Parameters:exclude (List[str], optional) – list of variables to exclude from the output. Defaults to None.
Returns:The variable names related to vectors, excluding the ones passed as argument.
Return type:List[str]

enadepy.index module

A set of indexes that map identifiers to descriptions.

Each index in this module relates to a question or student/institution information (variable) in Enade microdata. Indexes are represented by dictionaries and should not be accessed directly.

enadepy.index.get_index_dict(varname: str) → Dict[KT, VT][source]

Gets a map to translate indexes from a given variable.

Given a variable name (column name from Enade microdata), returns a dictionary containing the values seen in microdata as dictionary’s keys and the respective descriptions as dictionary’s values.

Parameters:varname (str) – A variable or column name from Enade microdata.
Raises:NameError – if a dictionary was not found for the given name.
Returns:A dictionary mapping values to descriptions for a given variable or column name.
Return type:Dict

enadepy.loaders module

Provides functions for loading and saving Enade data in general.

enadepy.loaders.read_dtb_municipio(filepath: str) → PandasDataFrame[source]

Reads DTB dataset from a file.

Parameters:filepath (str) – Path for DTB dataset in disk.
Returns:A pandas DataFrame with the loaded data.
Return type:PandasDataFrame

Note

The DTB dataset contains information about Brazilian Territorial Division and can be downloaded at https://www.ibge.gov.br/explica/codigos-dos-municipios.php.

enadepy.loaders.read_interm(filepath: str, **kwargs) → PandasDataFrame[source]

Loads intermediate data with expected dtypes.

Loads data from disk representing Enade microdata that was initially loaded using function read_raw.

Parameters:
  • filepath (str) – A path for data that was previously loaded using function read_raw and written to disk using write_interm.
  • **kwargs (Any) – Any arguments that should be passed to pandas.read_csv.
Returns:

A pandas DataFrame with the loaded data.

Return type:

PandasDataFrame

See also

read_raw: reads raw Enade microdata.

write_interm: writes a DataFrame containing Enade microdata to disk.

pandas.read_csv

enadepy.loaders.read_raw(filepath: str, **kwargs) → PandasDataFrame[source]

Loads raw data with expected dtypes and more.

Parameters:
  • filepath (str) – A path for the raw data containing the microdata as provided by the official source.
  • **kwargs (Any) – Any arguments that should be passed to pandas.read_csv.
Returns:

A pandas DataFrame.

Return type:

PandasDataFrame

See also

read_interm: reads Enade microdata that have already been loaded with read_raw once.

write_interm: write a DataFrame containing Enade microdata to disk.

pandas.read_csv

enadepy.loaders.write_interm(pd: PandasDataFrame, filepath: str, **kwargs) → None[source]

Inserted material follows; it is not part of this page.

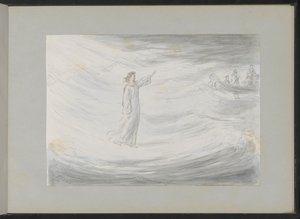 Christus geht auf dem Wasser von Alexander Ver Huell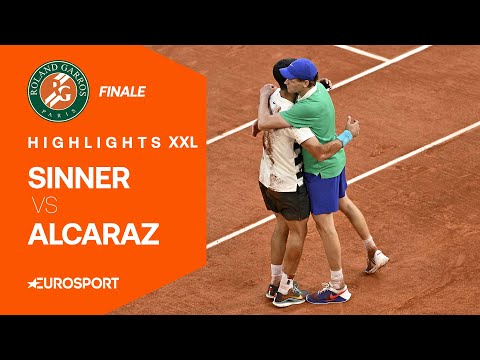 Jannik Sinner - Carlos Alcaraz | Highlights XXL deutsch | Finale | French Open 2025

Writes a DataFrame to disk.

Write a DataFrame previously loaded with functions read_raw or read_interm to disk.

Parameters:
  • pd (PandasDataFrame) – A pandas DataFrame to write to disk.
  • filepath (str) – The file name where the data will be written to.
  • **kwargs (Any) – Any arguments that should be passed to pandas.DataFrame.to_csv.

See also

read_raw: reads raw Enade microdata.

read_interm: reads formatted Enade microdata.

pandas.DataFrame.to_csv

enadepy.transform module

A set of functions that transform a dataset in any way.

enadepy.transform.align_microdata_2016(filepath: str, output: str) → None[source]

Changes Enade microdata from 2016 to match newer versions.

Parameters:
  • filepath (str) – Path for the original data.
  • output (str) – Path for the output (converted) data.
enadepy.transform.categorize(dataframe: PandasDataFrame, columns: List[str], only_current: bool = False) → PandasDataFrame[source]

Converts columns of a DataFrame to categorical type.

Given a DataFrame, convert the given columns into categorical type according to predefined categories.

Parameters:
  • dataframe (PandasDataFrame) – A pandas DataFrame containing Enade microdata.
  • columns (List[str]) – A list of columns to be converted to categorical type.
  • only_current (bool, optional) – If true, uses only currently present values as categories, not the predefined ones. Defaults to False.
Returns:

A new DataFrame with the converted columns.

Return type:

PandasDataFrame

Module contents

Provides functions to handle and analyse Enade microdata.